The recent visit of Xia Baolong, director of the Hong Kong and Macau Affairs Office, carried the task of accelerating the development of the Northern Metropolis. This is not another urban expansion, but a strategic test of whether Hong Kong can reinvent its role in the nation’s innovation landscape.
At its core, the Northern Metropolis bears a dual mission. For Hong Kong, it must become a growth engine, creating a third curve of development, beyond finance and real estate, by nurturing original innovation, driving technological breakthroughs and attracting high-end talent. For the nation, it must serve as a global centre for science and technology, talent and frontier research.

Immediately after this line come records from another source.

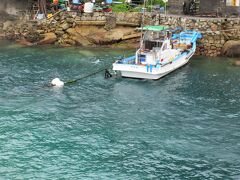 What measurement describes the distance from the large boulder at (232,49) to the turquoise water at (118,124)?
242 centimetres

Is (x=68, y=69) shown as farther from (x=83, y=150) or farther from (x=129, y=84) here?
(x=83, y=150)

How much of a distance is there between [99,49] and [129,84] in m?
12.3

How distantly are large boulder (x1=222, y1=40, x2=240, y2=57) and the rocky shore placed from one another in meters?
1.42

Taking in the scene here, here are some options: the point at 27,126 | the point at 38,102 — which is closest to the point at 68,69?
the point at 38,102

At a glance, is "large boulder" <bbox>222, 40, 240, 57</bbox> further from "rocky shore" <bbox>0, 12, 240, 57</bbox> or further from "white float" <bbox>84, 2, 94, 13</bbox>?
"white float" <bbox>84, 2, 94, 13</bbox>

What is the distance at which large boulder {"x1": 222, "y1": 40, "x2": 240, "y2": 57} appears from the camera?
44.6 m

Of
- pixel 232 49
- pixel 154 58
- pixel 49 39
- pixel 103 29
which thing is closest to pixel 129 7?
pixel 103 29

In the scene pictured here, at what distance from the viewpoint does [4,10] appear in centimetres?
5900

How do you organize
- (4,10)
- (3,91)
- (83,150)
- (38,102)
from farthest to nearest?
(4,10) < (3,91) < (38,102) < (83,150)

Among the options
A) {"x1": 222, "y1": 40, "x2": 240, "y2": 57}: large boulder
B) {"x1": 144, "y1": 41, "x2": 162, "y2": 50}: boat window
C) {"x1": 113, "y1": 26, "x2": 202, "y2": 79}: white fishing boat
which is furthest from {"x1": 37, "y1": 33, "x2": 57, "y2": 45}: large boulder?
{"x1": 222, "y1": 40, "x2": 240, "y2": 57}: large boulder

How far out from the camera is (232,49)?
44.8 metres

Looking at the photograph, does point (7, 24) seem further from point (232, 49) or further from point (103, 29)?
point (232, 49)

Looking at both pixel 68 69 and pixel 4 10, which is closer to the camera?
pixel 68 69

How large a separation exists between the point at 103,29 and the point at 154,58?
13.1 m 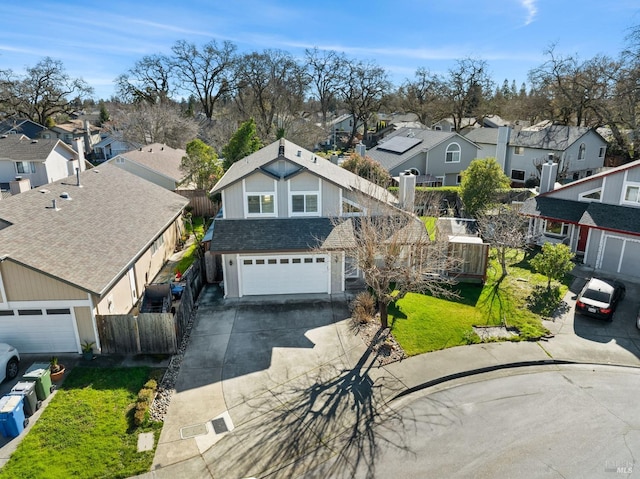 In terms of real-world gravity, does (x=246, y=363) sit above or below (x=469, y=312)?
below

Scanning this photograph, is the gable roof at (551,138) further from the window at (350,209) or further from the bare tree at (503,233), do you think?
the window at (350,209)

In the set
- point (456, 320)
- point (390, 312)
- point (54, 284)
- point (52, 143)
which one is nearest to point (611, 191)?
point (456, 320)

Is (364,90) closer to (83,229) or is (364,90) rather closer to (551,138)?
(551,138)

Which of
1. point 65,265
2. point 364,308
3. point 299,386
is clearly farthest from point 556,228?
point 65,265

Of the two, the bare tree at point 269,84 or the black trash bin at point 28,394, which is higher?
the bare tree at point 269,84

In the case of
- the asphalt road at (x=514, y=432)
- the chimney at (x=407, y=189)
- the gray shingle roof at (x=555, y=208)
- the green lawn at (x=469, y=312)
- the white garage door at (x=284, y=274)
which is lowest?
the asphalt road at (x=514, y=432)

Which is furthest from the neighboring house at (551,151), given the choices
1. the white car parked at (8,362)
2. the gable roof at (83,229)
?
the white car parked at (8,362)

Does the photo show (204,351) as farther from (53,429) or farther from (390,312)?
(390,312) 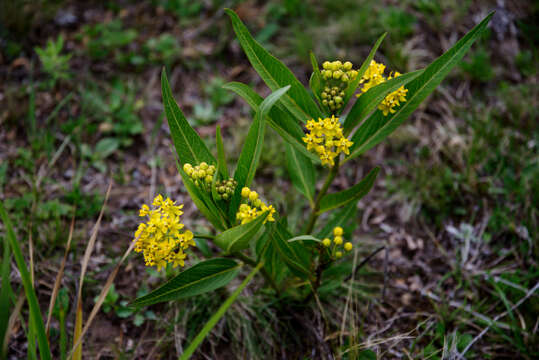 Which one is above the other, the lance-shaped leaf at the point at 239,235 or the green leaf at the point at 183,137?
the green leaf at the point at 183,137

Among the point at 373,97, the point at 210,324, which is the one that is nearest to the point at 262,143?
the point at 373,97

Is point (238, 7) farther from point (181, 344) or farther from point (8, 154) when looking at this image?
point (181, 344)

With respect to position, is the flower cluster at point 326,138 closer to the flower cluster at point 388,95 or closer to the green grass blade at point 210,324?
the flower cluster at point 388,95

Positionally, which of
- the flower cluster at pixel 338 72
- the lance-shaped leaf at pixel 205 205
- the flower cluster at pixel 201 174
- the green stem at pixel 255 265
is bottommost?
the green stem at pixel 255 265

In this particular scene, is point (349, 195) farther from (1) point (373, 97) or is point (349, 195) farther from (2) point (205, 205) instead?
(2) point (205, 205)

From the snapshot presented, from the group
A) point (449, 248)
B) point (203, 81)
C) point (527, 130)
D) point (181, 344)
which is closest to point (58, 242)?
point (181, 344)

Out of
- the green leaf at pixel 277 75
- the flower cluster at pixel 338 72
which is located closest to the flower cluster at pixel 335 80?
the flower cluster at pixel 338 72

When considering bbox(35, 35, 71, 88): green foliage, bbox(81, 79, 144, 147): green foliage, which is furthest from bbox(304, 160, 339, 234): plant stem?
bbox(35, 35, 71, 88): green foliage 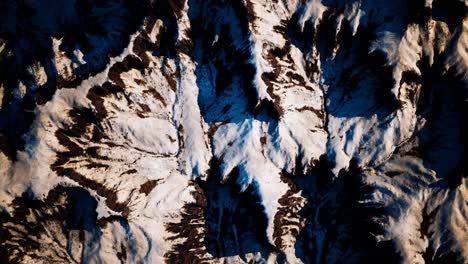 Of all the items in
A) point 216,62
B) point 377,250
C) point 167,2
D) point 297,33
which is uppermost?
point 167,2

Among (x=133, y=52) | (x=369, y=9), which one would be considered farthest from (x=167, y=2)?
(x=369, y=9)

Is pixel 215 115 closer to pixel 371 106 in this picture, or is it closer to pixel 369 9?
pixel 371 106

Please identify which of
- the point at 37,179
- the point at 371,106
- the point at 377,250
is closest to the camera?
the point at 37,179

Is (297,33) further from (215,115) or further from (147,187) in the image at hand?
(147,187)

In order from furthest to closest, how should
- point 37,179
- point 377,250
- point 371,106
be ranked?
1. point 371,106
2. point 377,250
3. point 37,179

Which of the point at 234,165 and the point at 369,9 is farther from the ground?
the point at 369,9

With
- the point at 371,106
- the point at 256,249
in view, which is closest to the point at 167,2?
the point at 371,106

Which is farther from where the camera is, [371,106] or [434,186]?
[371,106] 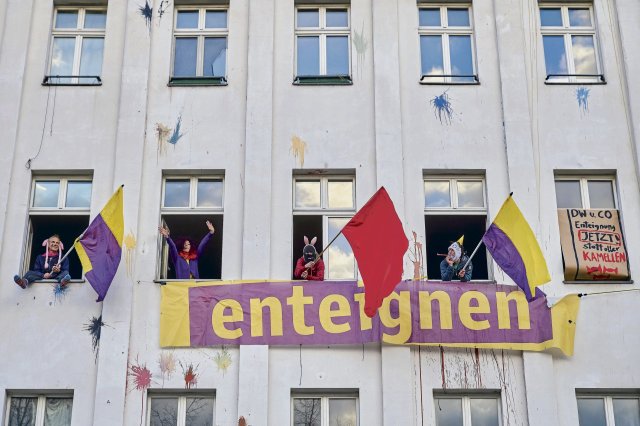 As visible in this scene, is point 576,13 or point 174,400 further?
point 576,13

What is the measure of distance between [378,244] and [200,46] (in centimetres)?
492

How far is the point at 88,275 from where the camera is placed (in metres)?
14.3

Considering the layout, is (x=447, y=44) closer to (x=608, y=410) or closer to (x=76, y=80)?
(x=76, y=80)

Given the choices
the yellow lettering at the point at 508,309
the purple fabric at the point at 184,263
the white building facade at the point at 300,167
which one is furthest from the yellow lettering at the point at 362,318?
the purple fabric at the point at 184,263

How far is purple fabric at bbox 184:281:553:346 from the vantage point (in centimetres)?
1431

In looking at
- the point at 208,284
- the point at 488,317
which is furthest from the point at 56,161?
the point at 488,317

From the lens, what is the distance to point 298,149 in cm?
1553

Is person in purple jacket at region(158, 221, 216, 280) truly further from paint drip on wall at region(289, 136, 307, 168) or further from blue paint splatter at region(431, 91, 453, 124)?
blue paint splatter at region(431, 91, 453, 124)

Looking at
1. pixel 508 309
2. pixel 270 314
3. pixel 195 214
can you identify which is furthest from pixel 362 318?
pixel 195 214

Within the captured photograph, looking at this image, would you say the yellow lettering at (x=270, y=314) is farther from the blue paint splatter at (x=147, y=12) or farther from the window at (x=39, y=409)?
the blue paint splatter at (x=147, y=12)

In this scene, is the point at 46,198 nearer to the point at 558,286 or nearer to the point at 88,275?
the point at 88,275

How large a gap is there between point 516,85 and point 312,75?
10.6ft

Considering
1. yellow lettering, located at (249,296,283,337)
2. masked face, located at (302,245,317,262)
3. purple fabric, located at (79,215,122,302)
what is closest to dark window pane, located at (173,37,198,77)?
purple fabric, located at (79,215,122,302)

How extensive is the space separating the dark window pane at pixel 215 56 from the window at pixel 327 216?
2292mm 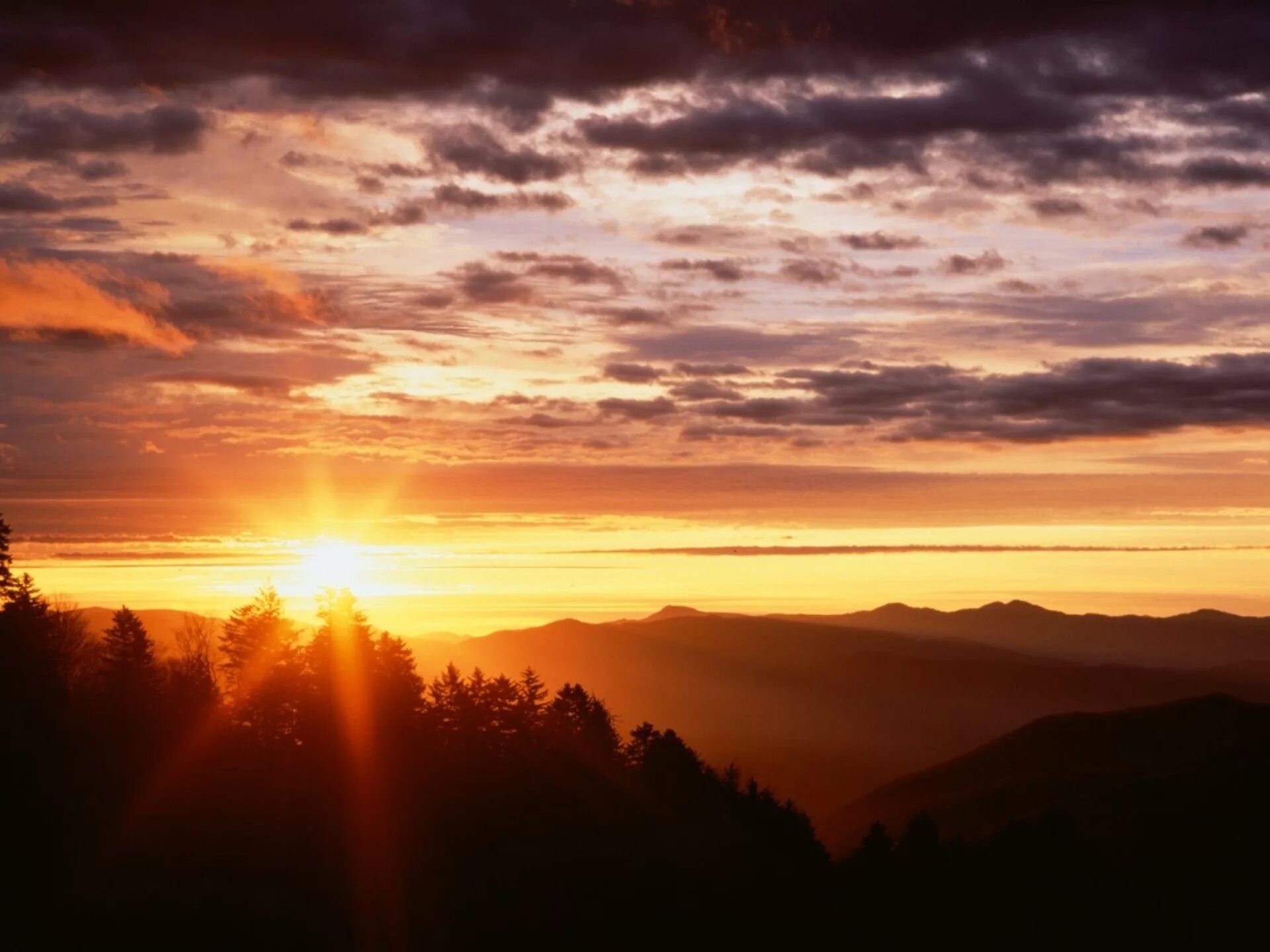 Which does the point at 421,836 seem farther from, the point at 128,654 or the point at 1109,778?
the point at 1109,778

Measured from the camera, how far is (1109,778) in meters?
146

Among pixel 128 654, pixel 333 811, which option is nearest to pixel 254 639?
pixel 128 654

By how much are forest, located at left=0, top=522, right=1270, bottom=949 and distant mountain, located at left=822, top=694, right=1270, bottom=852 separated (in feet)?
8.16

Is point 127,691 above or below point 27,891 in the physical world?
above

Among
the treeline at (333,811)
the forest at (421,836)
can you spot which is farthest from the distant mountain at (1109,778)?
the treeline at (333,811)

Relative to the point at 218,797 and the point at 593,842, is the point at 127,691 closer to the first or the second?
the point at 218,797

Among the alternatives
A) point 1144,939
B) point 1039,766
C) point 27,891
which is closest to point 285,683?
point 27,891

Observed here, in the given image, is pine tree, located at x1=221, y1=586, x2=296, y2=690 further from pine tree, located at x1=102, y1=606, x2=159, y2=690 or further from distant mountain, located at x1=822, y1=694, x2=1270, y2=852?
distant mountain, located at x1=822, y1=694, x2=1270, y2=852

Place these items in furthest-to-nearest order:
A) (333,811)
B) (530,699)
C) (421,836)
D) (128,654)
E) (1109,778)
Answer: (1109,778) < (530,699) < (128,654) < (421,836) < (333,811)

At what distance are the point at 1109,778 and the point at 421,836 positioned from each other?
107 meters

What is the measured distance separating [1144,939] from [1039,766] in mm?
96983

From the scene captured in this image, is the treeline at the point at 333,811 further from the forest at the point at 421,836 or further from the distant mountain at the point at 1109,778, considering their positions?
the distant mountain at the point at 1109,778

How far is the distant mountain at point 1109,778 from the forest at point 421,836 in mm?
2487

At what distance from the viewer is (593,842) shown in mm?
70375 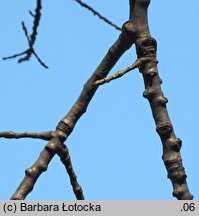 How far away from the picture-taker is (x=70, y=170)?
Result: 7484 millimetres

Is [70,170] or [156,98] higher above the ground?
[156,98]

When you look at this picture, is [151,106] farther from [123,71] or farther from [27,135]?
[27,135]

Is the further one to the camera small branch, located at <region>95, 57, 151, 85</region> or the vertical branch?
small branch, located at <region>95, 57, 151, 85</region>

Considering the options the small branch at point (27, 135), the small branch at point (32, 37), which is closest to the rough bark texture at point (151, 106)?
the small branch at point (27, 135)

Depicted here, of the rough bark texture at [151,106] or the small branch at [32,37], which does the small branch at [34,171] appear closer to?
the rough bark texture at [151,106]

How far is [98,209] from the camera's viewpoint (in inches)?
266

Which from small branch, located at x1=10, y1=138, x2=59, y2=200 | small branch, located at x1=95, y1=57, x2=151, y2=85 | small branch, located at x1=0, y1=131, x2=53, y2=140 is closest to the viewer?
small branch, located at x1=10, y1=138, x2=59, y2=200

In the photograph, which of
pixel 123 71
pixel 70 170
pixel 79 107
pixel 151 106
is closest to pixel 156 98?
pixel 151 106

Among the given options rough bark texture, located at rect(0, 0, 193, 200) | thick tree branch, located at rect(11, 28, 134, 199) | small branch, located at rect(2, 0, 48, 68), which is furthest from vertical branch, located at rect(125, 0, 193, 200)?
small branch, located at rect(2, 0, 48, 68)

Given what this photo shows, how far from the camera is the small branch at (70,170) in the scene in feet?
23.4

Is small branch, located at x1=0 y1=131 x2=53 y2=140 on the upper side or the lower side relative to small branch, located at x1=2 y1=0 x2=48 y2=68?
lower

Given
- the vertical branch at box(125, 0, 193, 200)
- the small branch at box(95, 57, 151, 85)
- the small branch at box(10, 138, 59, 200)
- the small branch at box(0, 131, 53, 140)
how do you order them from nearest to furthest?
1. the vertical branch at box(125, 0, 193, 200)
2. the small branch at box(10, 138, 59, 200)
3. the small branch at box(95, 57, 151, 85)
4. the small branch at box(0, 131, 53, 140)

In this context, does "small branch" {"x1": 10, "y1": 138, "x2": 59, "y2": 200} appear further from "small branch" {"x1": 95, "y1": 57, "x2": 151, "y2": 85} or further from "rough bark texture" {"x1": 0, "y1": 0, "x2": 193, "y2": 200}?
"small branch" {"x1": 95, "y1": 57, "x2": 151, "y2": 85}

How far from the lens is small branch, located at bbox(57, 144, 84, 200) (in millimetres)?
7121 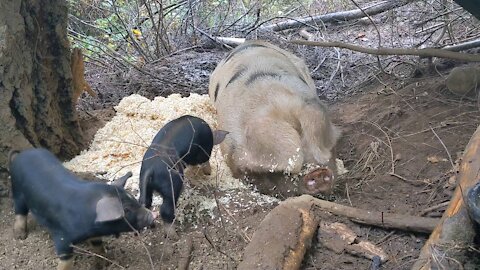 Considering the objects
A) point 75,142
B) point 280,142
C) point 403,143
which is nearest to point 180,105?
point 75,142

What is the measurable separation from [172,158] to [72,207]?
89 centimetres

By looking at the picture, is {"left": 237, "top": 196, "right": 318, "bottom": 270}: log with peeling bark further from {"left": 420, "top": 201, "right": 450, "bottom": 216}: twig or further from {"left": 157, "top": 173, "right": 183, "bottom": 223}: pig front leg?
{"left": 420, "top": 201, "right": 450, "bottom": 216}: twig

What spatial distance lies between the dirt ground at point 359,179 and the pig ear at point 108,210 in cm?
23

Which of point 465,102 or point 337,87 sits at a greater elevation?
point 465,102

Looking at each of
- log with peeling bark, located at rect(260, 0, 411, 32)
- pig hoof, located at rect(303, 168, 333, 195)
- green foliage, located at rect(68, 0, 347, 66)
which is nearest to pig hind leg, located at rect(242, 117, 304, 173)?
pig hoof, located at rect(303, 168, 333, 195)

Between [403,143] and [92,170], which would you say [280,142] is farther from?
[92,170]

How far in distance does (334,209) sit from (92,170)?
2.06 metres

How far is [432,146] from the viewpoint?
4984 mm

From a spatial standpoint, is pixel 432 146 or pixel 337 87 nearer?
pixel 432 146

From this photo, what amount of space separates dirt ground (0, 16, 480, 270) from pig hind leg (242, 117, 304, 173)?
0.29 m

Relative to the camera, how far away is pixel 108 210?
3.41m

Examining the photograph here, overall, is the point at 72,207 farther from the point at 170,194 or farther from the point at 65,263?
the point at 170,194

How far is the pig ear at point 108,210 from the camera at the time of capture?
3398 mm

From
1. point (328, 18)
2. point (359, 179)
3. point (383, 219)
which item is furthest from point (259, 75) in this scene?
point (328, 18) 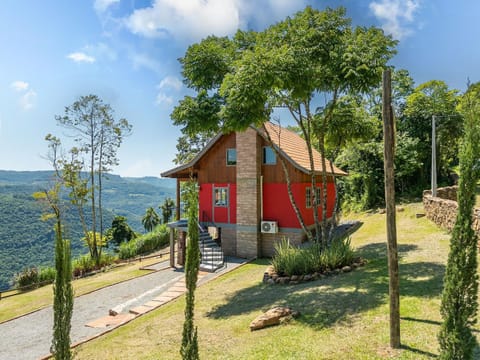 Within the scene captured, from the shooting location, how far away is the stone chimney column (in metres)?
18.4

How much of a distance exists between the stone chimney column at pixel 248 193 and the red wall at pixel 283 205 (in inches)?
22.8

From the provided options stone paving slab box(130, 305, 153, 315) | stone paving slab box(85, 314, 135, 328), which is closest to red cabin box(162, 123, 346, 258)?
stone paving slab box(130, 305, 153, 315)

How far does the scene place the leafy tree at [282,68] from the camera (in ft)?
35.0

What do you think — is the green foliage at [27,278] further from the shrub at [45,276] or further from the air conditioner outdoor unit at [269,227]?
the air conditioner outdoor unit at [269,227]

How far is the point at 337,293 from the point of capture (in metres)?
8.80

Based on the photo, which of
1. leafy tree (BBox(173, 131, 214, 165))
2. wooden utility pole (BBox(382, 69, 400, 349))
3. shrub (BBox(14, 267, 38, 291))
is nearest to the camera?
wooden utility pole (BBox(382, 69, 400, 349))

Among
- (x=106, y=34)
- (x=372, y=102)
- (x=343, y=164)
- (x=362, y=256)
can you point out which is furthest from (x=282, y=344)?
(x=372, y=102)

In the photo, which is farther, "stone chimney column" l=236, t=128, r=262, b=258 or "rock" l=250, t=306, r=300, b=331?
"stone chimney column" l=236, t=128, r=262, b=258

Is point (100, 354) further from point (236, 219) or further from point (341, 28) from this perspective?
point (341, 28)

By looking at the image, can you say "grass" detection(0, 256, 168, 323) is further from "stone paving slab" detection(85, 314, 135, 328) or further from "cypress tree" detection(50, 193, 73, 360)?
"cypress tree" detection(50, 193, 73, 360)

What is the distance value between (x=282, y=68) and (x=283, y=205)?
30.9ft

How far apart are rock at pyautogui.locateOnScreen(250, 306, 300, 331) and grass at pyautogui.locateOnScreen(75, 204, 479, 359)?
0.19 meters

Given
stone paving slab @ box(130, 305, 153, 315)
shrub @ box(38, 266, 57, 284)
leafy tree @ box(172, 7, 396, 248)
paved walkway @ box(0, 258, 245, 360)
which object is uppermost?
leafy tree @ box(172, 7, 396, 248)

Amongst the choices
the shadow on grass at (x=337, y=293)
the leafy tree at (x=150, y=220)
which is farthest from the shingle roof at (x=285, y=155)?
the leafy tree at (x=150, y=220) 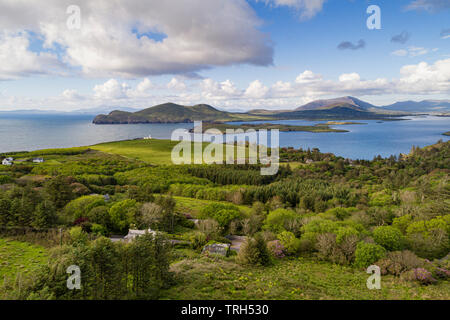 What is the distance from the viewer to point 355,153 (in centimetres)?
14000

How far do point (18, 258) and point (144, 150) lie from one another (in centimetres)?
10207

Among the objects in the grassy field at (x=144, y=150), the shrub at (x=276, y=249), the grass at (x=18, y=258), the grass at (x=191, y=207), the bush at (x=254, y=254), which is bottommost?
the grass at (x=191, y=207)

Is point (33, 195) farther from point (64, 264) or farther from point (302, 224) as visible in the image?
point (302, 224)

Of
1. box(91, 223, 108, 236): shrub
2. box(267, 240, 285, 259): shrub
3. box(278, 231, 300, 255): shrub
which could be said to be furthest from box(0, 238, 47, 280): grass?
box(278, 231, 300, 255): shrub

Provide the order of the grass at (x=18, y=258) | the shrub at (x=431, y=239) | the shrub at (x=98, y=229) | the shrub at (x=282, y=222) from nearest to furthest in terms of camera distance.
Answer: the grass at (x=18, y=258)
the shrub at (x=431, y=239)
the shrub at (x=98, y=229)
the shrub at (x=282, y=222)

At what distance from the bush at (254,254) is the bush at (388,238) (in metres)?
13.1

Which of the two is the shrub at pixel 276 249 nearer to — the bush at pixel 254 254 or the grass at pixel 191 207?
the bush at pixel 254 254

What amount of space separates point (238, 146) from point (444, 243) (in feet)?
355

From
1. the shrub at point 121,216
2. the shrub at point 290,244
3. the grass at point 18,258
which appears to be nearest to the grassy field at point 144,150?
the shrub at point 121,216

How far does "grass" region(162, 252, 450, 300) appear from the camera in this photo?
642 inches

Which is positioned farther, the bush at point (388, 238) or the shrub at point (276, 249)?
the bush at point (388, 238)

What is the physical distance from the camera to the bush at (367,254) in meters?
22.6

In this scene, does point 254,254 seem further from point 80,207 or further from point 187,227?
point 80,207
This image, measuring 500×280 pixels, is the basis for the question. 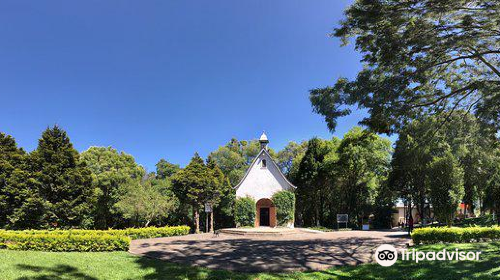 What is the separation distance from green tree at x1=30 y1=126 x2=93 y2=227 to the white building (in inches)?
509

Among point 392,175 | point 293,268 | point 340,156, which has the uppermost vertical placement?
point 340,156

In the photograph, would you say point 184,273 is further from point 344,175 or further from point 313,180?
point 344,175

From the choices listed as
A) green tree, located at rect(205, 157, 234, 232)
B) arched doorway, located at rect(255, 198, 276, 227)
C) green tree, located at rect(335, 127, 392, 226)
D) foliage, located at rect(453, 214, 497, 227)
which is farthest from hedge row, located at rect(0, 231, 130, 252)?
foliage, located at rect(453, 214, 497, 227)

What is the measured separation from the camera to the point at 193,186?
2558 cm

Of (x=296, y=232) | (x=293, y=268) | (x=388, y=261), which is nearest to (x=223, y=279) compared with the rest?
(x=293, y=268)

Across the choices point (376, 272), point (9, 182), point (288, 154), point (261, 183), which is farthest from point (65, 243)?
point (288, 154)

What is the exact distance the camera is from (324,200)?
3684cm

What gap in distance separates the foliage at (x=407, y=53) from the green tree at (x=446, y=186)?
7.86 metres

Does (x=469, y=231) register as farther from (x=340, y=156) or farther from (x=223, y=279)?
(x=340, y=156)

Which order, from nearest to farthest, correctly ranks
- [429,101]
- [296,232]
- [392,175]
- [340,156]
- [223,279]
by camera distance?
[223,279]
[429,101]
[296,232]
[392,175]
[340,156]

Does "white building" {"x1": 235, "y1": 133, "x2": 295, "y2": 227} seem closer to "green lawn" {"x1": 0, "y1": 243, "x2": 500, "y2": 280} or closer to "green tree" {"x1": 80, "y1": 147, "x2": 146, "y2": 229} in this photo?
"green tree" {"x1": 80, "y1": 147, "x2": 146, "y2": 229}

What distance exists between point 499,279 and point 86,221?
1029 inches

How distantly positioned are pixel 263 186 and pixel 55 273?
20.6 meters

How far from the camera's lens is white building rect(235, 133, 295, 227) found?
90.0ft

This task makes the university town uniquely important. Given the limited land available, its success depends on creating a new type of university governed through a consortium model. It is neither a campus relocation nor a conventional expansion zone, but a once-in-a-generation opportunity to reshape Hong Kong’s economic foundation and strengthen China’s innovation autonomy.
Despite its strategic mission, early signs of concern have surfaced. In June, the Education Bureau announced that 19 local institutions had submitted proposals for the Northern Metropolis. The response was enthusiastic, but the common requests were clear: relieve campus pressure and improve facilities.
Two contradictions define the challenge. First, a mission mismatch: conceived as a science and innovation hub, the Northern Metropolis is being treated as an expansion site, with land intended for research – or a platform where frontier research meets industrial incubation – diverted to classrooms and dormitories. Second, a mechanism gap: while Hong Kong’s universities excel in basic research, they lack pathways to translate discoveries into industry or feedback loops that connect market demand to research priorities.
These contradictions strike at the heart of the Northern Metropolis’ mission. Without clear direction, the project risks drifting into a patchwork of expanded campuses rather than rising as the world-class innovation hub Hong Kong and the nation urgently need.